Records from a collection:
:::::

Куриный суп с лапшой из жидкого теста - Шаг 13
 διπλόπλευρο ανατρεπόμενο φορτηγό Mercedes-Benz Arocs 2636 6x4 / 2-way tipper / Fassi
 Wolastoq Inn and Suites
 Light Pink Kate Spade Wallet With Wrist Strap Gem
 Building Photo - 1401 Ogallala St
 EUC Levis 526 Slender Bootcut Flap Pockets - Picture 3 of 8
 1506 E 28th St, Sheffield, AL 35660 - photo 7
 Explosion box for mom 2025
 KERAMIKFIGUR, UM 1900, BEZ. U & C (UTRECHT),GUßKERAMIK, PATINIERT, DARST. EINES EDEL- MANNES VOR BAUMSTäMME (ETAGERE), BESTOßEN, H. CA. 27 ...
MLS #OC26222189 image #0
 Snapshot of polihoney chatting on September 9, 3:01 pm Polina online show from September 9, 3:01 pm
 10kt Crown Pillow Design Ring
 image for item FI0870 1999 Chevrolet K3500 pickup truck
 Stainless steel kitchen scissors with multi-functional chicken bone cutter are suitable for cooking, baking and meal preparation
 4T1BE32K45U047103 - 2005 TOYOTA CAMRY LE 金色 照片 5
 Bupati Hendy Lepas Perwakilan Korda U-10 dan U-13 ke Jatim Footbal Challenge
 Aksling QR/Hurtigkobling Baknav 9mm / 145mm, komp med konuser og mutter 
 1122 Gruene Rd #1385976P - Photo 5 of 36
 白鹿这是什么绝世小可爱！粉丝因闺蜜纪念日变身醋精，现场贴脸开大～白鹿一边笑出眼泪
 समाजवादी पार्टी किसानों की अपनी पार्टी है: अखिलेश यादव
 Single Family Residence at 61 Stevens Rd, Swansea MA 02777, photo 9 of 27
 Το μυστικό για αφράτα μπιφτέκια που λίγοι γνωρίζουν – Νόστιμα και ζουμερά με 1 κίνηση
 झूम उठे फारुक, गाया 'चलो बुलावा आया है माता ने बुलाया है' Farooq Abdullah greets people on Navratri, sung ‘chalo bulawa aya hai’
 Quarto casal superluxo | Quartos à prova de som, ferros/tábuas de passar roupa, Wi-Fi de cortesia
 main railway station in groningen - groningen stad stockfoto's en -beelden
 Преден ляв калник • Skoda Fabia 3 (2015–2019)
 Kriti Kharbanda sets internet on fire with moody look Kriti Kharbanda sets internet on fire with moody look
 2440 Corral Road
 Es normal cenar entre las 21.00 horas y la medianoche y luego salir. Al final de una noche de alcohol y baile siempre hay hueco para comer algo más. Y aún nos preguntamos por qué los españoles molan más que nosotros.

:::::

**Problem statement:**
One stretch of the lines above is wanted, from the line that contains "Snapshot of polihoney" through the line that contains "4T1BE32K45U047103 - 2005". Output it exactly.

**Answer section:**
 Snapshot of polihoney chatting on September 9, 3:01 pm Polina online show from September 9, 3:01 pm
 10kt Crown Pillow Design Ring
 image for item FI0870 1999 Chevrolet K3500 pickup truck
 Stainless steel kitchen scissors with multi-functional chicken bone cutter are suitable for cooking, baking and meal preparation
 4T1BE32K45U047103 - 2005 TOYOTA CAMRY LE 金色 照片 5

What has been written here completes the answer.